(Extracted records)
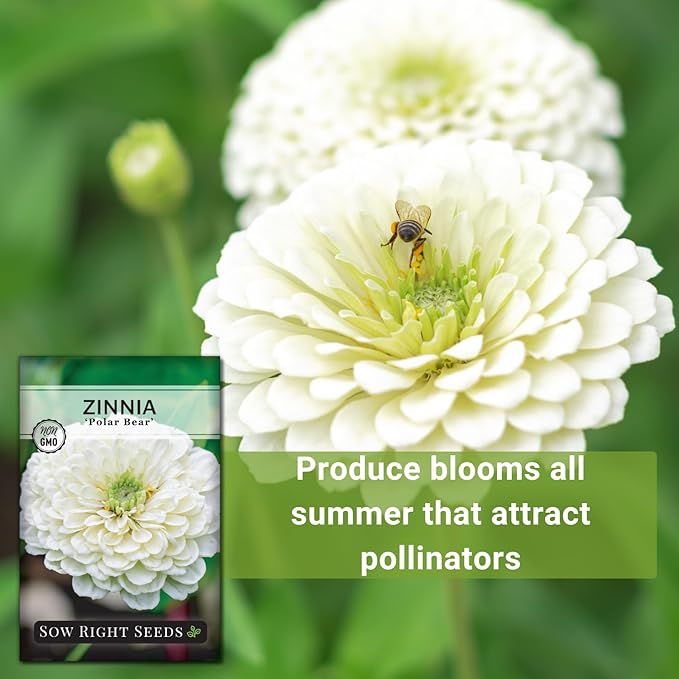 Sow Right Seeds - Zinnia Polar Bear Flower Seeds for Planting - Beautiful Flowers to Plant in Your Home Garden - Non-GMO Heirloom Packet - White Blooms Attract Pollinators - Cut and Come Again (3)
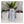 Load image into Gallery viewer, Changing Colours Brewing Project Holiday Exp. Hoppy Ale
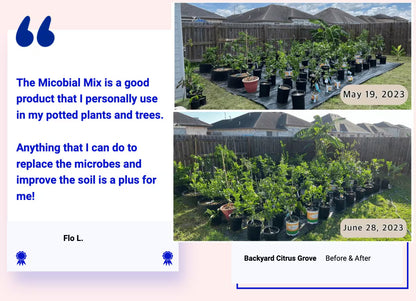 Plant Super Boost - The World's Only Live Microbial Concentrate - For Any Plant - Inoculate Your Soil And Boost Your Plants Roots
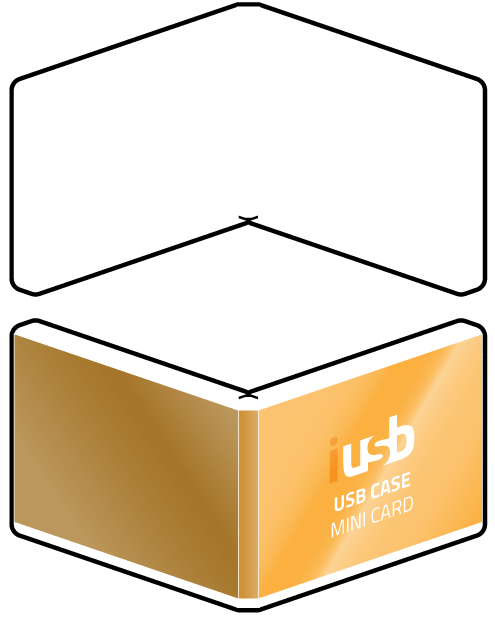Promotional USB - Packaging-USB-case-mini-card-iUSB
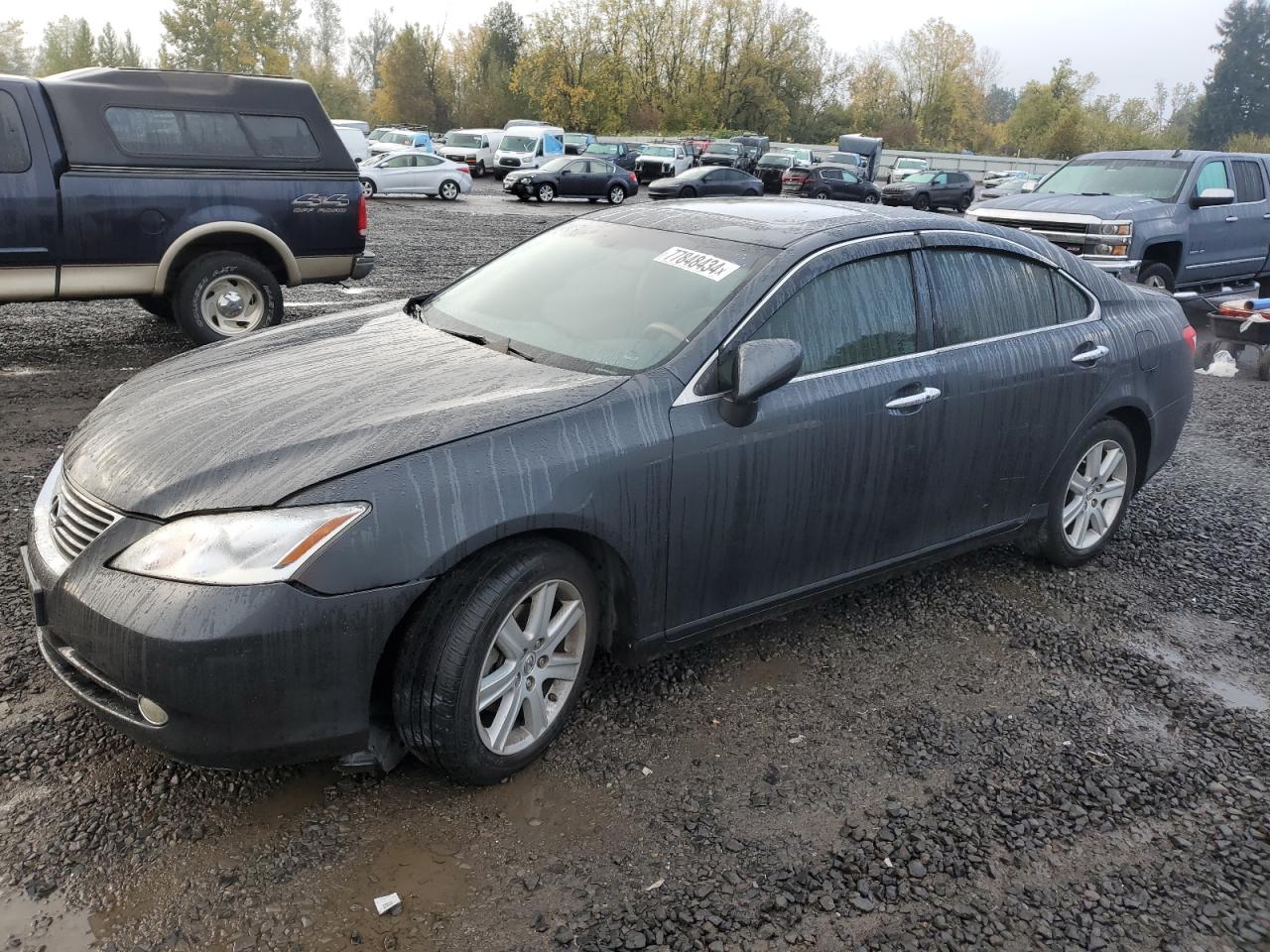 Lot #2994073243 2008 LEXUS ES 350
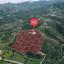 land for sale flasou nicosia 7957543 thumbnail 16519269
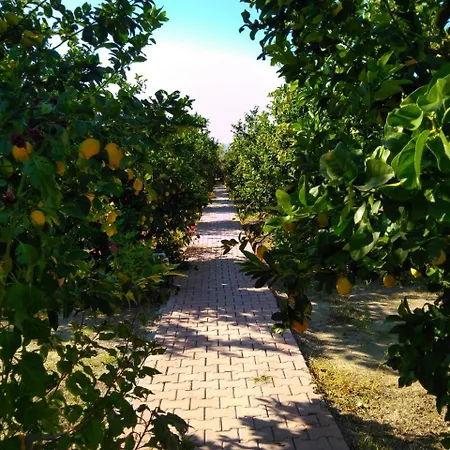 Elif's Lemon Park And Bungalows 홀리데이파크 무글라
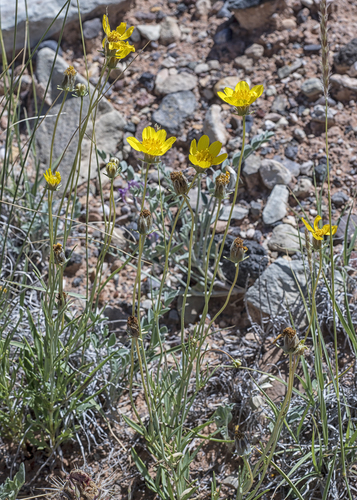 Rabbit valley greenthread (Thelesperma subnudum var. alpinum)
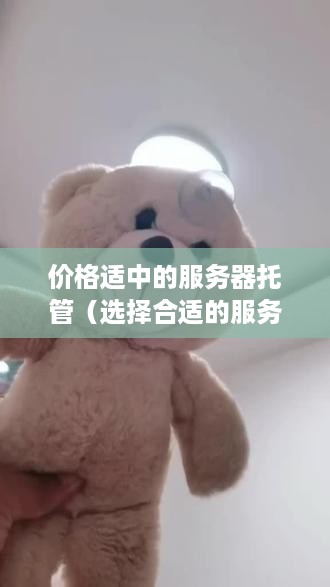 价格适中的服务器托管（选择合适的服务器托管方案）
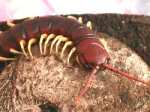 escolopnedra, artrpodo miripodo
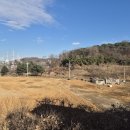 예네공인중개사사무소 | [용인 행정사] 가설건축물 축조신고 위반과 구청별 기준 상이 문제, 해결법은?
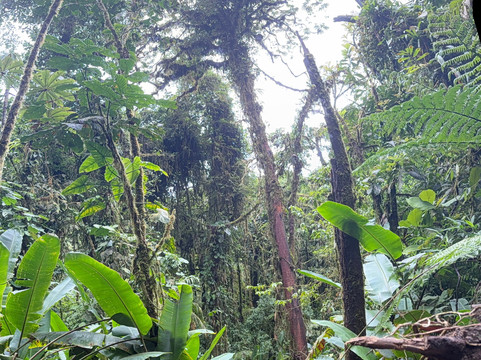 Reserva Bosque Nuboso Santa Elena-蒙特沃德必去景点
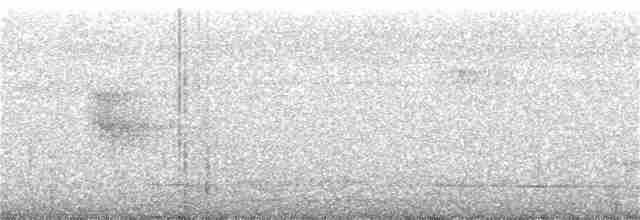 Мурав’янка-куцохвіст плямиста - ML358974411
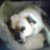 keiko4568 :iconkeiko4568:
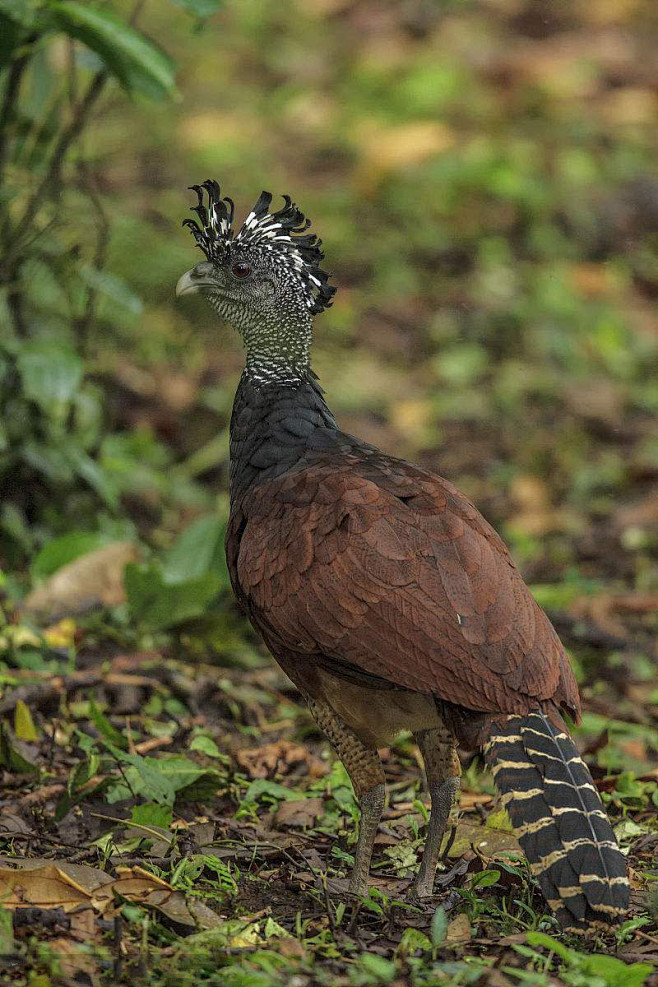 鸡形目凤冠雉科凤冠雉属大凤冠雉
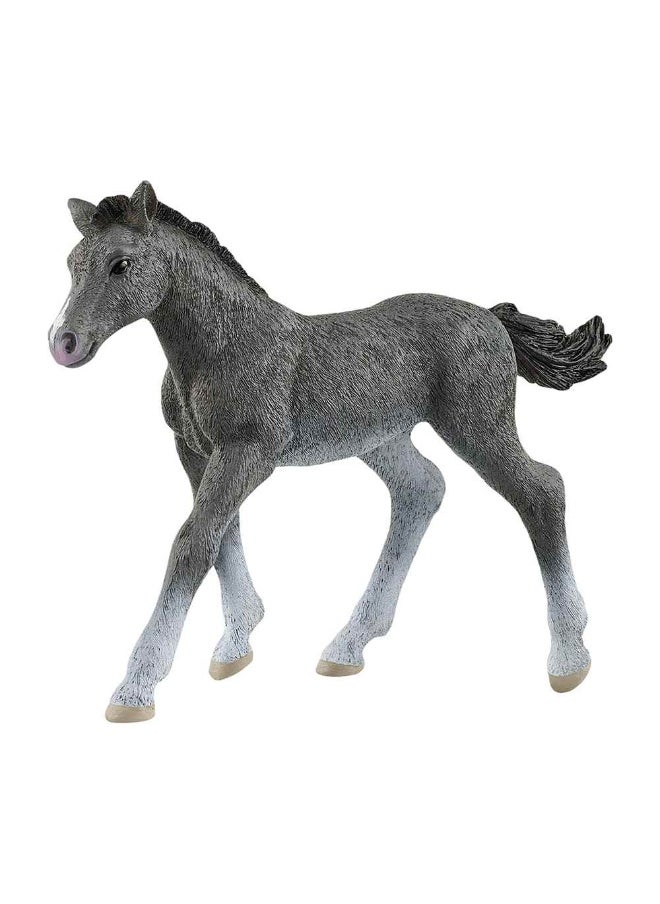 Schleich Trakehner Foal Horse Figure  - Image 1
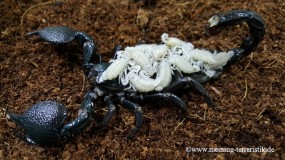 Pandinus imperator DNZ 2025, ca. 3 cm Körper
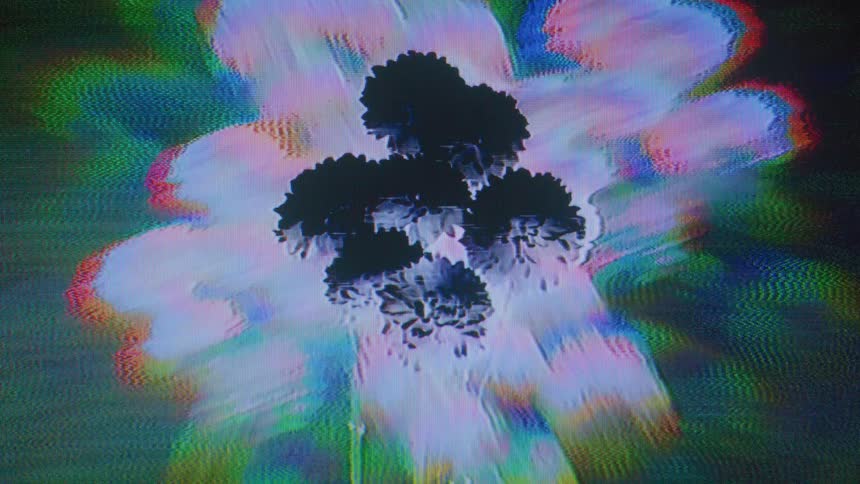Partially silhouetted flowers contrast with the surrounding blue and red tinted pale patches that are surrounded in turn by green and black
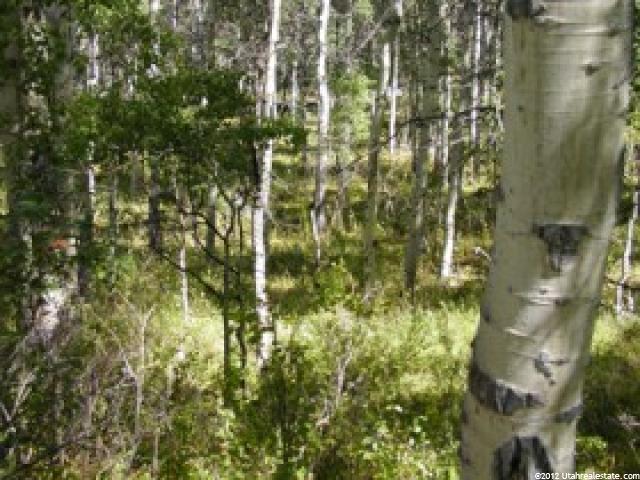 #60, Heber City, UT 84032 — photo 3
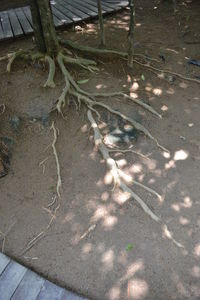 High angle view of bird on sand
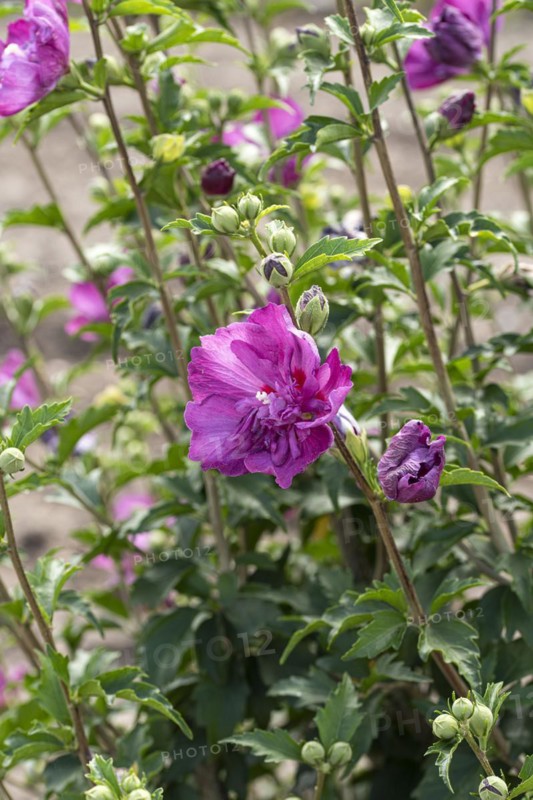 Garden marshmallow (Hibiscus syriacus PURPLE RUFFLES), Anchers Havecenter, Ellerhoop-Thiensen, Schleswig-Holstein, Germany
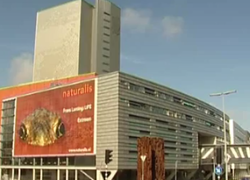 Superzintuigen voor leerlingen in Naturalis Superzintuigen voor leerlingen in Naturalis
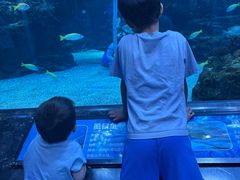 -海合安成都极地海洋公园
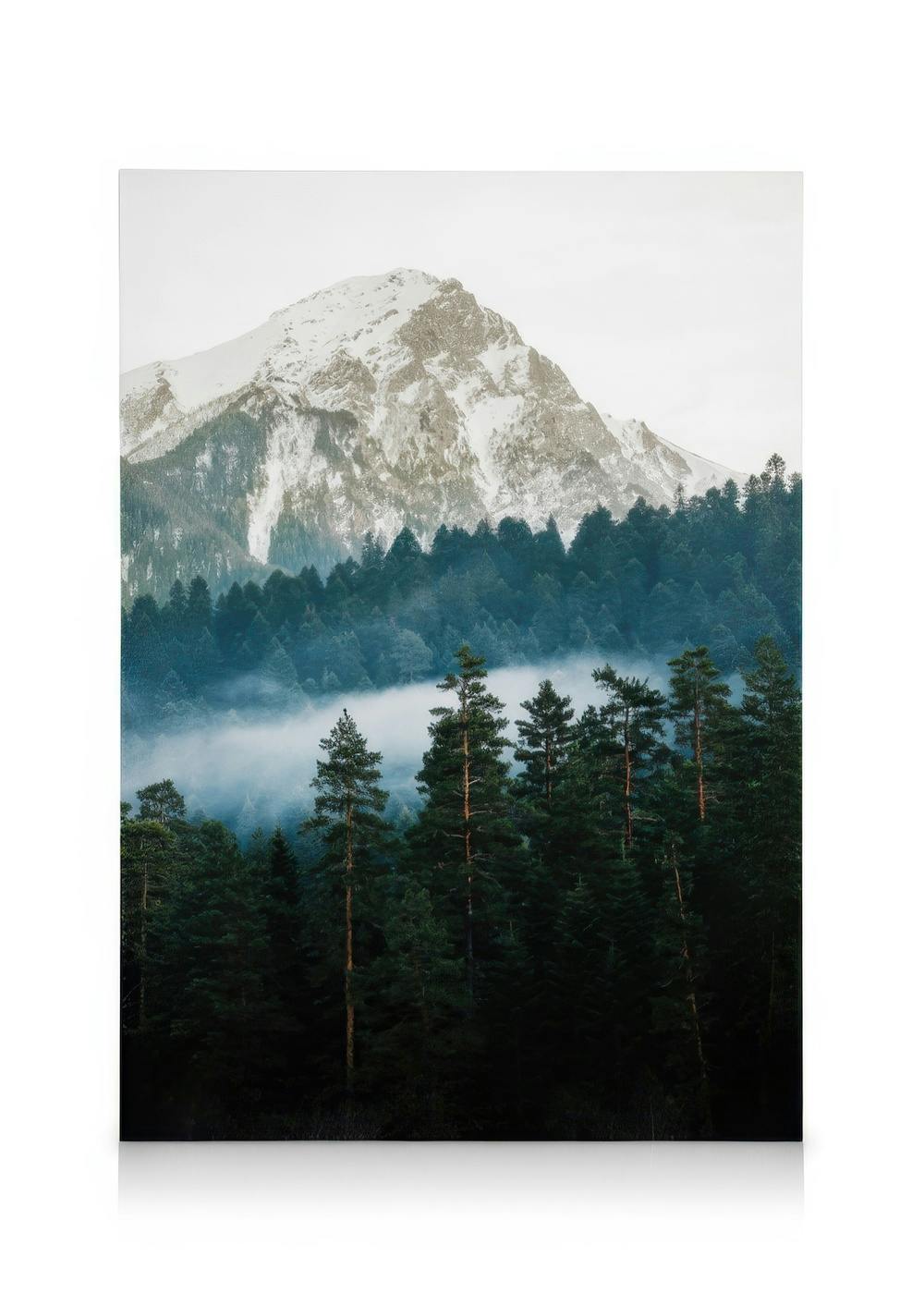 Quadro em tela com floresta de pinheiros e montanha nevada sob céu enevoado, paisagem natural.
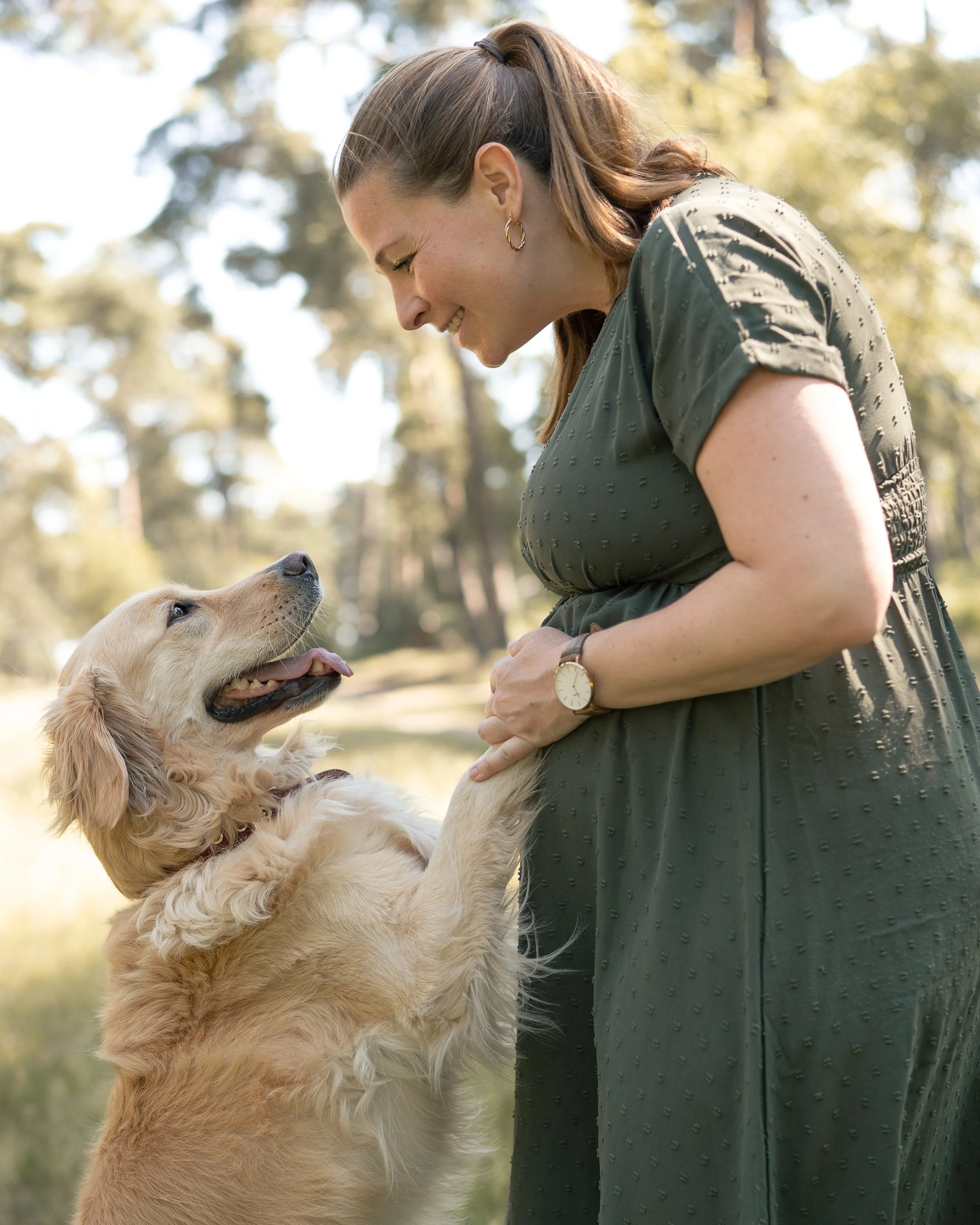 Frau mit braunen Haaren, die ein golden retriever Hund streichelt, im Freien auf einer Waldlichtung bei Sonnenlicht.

Requirement:
Repeat, with no pictures, every line from the top of the entries above through the line that has "Reserva Bosque Nuboso Santa Elena-蒙特沃德必去景点", keeping each one exact.

Result for this exercise:
 Sow Right Seeds - Zinnia Polar Bear Flower Seeds for Planting - Beautiful Flowers to Plant in Your Home Garden - Non-GMO Heirloom Packet - White Blooms Attract Pollinators - Cut and Come Again (3)
 Load image into Gallery viewer, Changing Colours Brewing Project Holiday Exp. Hoppy Ale
 Plant Super Boost - The World's Only Live Microbial Concentrate - For Any Plant - Inoculate Your Soil And Boost Your Plants Roots
Promotional USB - Packaging-USB-case-mini-card-iUSB
 Lot #2994073243 2008 LEXUS ES 350
 land for sale flasou nicosia 7957543 thumbnail 16519269
 Elif's Lemon Park And Bungalows 홀리데이파크 무글라
 Rabbit valley greenthread (Thelesperma subnudum var. alpinum)
 价格适中的服务器托管（选择合适的服务器托管方案）
 escolopnedra, artrpodo miripodo
 예네공인중개사사무소 | [용인 행정사] 가설건축물 축조신고 위반과 구청별 기준 상이 문제, 해결법은?
 Reserva Bosque Nuboso Santa Elena-蒙特沃德必去景点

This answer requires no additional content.